## Stored data entries
══════

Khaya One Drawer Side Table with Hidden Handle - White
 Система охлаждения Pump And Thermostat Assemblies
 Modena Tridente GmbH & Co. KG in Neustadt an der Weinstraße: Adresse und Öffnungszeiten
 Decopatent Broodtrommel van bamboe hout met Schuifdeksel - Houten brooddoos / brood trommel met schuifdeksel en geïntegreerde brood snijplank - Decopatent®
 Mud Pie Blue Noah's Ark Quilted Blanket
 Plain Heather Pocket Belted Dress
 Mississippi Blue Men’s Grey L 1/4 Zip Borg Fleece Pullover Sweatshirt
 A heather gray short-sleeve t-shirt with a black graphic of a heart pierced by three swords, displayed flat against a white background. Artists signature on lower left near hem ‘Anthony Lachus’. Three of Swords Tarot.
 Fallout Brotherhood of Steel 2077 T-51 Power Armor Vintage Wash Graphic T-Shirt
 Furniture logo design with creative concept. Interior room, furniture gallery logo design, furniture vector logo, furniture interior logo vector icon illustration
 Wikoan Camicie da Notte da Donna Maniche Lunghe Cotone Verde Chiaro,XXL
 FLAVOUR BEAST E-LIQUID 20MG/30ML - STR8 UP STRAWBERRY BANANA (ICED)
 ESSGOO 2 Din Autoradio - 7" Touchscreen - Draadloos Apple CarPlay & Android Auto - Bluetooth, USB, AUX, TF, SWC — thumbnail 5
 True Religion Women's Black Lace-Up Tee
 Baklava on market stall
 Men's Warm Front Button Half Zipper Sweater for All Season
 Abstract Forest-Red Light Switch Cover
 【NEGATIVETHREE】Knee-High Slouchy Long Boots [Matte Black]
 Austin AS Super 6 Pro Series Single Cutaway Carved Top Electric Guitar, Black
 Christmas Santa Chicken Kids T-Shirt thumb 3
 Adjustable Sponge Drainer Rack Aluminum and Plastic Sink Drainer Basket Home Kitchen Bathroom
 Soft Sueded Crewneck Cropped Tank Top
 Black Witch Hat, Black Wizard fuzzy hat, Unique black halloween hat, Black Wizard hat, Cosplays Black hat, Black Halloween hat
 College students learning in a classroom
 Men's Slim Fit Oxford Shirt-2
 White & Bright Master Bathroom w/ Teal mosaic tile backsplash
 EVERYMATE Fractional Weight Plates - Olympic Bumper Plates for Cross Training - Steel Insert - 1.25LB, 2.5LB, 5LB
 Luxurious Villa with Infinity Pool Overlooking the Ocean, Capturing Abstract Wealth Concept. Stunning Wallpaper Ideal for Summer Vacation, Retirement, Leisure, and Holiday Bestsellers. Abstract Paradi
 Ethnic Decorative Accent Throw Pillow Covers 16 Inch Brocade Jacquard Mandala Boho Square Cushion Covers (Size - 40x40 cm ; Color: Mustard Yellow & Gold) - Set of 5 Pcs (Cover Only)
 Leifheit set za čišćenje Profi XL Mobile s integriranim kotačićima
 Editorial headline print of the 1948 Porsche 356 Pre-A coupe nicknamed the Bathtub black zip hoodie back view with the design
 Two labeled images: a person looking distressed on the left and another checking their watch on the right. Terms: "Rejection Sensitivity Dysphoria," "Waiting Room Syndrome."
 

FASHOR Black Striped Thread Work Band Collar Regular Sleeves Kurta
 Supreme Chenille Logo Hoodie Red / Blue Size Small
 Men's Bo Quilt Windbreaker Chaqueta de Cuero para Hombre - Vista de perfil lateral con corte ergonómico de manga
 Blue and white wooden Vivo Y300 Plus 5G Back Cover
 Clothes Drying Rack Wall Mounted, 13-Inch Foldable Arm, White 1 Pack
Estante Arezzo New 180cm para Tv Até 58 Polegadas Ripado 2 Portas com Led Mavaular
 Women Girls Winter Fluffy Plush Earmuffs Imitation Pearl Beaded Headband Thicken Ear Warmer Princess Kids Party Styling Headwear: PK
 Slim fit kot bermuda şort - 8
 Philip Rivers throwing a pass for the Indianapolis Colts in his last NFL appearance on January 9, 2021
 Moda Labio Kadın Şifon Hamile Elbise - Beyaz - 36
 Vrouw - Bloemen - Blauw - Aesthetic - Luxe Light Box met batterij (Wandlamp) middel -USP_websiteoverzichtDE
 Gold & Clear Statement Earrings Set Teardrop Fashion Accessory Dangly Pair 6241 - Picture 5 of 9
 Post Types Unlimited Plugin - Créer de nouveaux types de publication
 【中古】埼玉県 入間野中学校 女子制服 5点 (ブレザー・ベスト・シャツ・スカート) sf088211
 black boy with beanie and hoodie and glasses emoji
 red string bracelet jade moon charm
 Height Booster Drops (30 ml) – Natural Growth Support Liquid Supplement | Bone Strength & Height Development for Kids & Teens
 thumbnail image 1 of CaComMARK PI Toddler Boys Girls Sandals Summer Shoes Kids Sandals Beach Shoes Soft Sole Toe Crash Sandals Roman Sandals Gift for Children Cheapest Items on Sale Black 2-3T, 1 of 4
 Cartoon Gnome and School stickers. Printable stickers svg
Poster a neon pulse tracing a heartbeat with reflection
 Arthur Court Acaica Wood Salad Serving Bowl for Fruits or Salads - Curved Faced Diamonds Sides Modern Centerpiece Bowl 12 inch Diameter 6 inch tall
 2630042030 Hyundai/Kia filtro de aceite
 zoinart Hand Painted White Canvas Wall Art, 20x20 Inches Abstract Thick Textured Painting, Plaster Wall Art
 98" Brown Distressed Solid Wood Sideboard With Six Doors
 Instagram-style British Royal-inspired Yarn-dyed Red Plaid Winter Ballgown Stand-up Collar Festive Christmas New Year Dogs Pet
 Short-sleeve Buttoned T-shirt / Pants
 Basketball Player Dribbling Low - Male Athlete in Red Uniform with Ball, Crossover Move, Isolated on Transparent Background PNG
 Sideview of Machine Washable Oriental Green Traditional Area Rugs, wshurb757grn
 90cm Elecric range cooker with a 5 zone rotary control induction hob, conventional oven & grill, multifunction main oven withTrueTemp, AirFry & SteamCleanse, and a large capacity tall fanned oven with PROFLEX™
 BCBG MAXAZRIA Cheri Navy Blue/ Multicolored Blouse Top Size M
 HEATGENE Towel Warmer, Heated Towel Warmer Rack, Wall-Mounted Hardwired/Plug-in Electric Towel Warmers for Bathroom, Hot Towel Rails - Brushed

══════

## Task prompt
Your answer should be the exact lines above from the one with "Cartoon Gnome and" through the one with "Poster a neon", both included, and nothing besides.

## Response to the task
 Cartoon Gnome and School stickers. Printable stickers svg
Poster a neon pulse tracing a heartbeat with reflection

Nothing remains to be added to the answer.